WHAT THE TASK REQUIRES — Of all the lines below, output only those starting at the one with "a kitchen with stainless steel appliances granite countertop a" and ending at the one with "Book cover featuring", both ends included, exactly as written.

STORED DATA —
• • •
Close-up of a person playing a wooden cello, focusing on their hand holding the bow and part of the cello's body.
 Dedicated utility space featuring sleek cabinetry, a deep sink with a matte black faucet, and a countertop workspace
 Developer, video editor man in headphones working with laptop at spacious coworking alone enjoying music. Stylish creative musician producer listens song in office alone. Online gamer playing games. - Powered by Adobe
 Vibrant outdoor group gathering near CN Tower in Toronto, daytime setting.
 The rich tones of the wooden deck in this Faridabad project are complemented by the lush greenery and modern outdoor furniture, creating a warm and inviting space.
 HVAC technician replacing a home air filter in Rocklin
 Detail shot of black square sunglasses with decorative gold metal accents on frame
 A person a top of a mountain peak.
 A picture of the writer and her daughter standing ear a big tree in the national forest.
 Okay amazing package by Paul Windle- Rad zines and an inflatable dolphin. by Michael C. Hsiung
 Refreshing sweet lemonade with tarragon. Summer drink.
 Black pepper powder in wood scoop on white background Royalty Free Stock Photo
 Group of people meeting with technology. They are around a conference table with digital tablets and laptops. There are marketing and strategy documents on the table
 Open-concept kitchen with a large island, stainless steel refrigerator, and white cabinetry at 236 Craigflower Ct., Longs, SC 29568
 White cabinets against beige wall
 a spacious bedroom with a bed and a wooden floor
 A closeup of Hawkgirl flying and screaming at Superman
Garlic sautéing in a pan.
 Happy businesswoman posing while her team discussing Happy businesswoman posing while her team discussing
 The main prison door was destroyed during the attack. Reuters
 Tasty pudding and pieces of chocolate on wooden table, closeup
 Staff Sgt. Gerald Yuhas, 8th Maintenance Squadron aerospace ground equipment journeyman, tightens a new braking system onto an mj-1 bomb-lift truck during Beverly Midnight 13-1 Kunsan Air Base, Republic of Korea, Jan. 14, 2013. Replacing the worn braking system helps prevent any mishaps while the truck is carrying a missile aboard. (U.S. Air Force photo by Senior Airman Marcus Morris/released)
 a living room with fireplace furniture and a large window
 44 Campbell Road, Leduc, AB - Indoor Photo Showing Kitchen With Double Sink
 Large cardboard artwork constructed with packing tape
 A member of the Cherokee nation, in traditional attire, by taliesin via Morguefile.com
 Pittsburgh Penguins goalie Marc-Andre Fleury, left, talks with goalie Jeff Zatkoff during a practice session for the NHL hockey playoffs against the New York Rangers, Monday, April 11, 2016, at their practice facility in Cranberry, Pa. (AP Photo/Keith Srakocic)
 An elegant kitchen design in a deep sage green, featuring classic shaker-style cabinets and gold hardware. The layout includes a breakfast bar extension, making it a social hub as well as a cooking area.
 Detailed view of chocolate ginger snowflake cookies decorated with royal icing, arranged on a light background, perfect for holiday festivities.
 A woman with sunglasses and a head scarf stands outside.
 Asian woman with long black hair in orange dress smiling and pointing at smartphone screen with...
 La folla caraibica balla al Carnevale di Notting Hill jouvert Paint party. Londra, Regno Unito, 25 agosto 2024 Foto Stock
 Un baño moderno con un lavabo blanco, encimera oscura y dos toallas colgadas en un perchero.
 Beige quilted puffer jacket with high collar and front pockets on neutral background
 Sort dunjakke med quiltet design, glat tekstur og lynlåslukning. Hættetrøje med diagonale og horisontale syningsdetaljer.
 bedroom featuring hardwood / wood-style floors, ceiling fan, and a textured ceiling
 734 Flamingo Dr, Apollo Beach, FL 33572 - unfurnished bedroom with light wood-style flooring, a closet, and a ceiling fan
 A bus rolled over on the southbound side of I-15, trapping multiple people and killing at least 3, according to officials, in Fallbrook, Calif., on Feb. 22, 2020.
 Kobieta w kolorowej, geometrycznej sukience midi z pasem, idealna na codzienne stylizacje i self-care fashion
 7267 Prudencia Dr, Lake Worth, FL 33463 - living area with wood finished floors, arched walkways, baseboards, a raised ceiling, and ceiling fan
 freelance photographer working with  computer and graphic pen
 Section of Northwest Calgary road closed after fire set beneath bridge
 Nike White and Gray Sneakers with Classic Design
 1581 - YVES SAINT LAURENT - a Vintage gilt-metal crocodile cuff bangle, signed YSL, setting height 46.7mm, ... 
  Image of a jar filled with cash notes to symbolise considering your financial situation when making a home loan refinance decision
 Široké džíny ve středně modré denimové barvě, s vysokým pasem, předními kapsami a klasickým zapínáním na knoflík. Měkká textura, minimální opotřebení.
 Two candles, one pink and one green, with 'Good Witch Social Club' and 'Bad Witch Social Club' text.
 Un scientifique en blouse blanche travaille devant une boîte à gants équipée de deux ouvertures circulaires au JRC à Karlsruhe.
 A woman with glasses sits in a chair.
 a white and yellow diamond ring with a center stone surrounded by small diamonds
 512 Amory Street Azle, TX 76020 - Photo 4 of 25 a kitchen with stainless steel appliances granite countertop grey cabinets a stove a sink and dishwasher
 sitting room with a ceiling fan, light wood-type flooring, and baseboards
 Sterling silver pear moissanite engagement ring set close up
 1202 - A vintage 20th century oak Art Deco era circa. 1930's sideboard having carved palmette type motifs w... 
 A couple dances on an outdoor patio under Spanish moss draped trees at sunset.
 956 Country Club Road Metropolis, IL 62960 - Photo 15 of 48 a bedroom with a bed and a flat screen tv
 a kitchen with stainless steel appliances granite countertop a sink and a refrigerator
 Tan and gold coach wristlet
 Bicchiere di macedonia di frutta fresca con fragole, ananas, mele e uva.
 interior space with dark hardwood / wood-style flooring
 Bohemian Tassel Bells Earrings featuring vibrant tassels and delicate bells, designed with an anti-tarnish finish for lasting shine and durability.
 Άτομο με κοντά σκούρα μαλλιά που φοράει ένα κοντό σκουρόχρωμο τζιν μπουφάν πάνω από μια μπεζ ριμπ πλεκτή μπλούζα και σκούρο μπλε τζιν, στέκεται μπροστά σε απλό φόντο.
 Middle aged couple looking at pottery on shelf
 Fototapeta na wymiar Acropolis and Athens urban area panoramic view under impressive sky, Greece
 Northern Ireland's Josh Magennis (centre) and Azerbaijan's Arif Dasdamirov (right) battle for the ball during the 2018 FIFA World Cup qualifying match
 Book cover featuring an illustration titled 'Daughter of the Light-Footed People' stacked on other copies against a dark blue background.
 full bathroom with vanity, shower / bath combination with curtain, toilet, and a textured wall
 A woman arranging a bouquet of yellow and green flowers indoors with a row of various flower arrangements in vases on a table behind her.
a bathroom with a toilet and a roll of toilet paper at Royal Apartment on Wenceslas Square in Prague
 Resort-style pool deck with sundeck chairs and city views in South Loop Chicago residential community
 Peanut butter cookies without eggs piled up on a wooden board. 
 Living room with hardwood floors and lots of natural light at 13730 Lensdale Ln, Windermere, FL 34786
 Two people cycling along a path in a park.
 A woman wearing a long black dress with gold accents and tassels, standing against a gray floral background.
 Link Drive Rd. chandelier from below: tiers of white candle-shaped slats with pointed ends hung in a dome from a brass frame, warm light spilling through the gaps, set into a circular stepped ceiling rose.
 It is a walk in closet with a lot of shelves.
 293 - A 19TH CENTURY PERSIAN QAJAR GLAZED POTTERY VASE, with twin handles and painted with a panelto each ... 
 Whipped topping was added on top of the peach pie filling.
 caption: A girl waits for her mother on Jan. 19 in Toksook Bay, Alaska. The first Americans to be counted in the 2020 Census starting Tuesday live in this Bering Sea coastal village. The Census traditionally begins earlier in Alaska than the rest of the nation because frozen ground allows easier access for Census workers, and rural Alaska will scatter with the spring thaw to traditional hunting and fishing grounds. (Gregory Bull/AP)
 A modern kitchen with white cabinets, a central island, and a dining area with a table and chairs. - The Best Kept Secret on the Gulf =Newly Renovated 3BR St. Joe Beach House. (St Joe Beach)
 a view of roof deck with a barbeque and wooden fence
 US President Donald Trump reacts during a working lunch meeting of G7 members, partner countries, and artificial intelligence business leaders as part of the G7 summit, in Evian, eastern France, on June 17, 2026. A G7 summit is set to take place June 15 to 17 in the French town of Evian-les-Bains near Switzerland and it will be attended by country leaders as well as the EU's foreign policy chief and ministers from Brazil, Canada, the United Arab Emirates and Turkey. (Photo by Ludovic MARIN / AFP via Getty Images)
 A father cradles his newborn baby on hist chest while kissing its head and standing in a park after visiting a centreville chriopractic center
• • •
RESULT —
 a kitchen with stainless steel appliances granite countertop a sink and a refrigerator
 Tan and gold coach wristlet
 Bicchiere di macedonia di frutta fresca con fragole, ananas, mele e uva.
 interior space with dark hardwood / wood-style flooring
 Bohemian Tassel Bells Earrings featuring vibrant tassels and delicate bells, designed with an anti-tarnish finish for lasting shine and durability.
 Άτομο με κοντά σκούρα μαλλιά που φοράει ένα κοντό σκουρόχρωμο τζιν μπουφάν πάνω από μια μπεζ ριμπ πλεκτή μπλούζα και σκούρο μπλε τζιν, στέκεται μπροστά σε απλό φόντο.
 Middle aged couple looking at pottery on shelf
 Fototapeta na wymiar Acropolis and Athens urban area panoramic view under impressive sky, Greece
 Northern Ireland's Josh Magennis (centre) and Azerbaijan's Arif Dasdamirov (right) battle for the ball during the 2018 FIFA World Cup qualifying match
 Book cover featuring an illustration titled 'Daughter of the Light-Footed People' stacked on other copies against a dark blue background.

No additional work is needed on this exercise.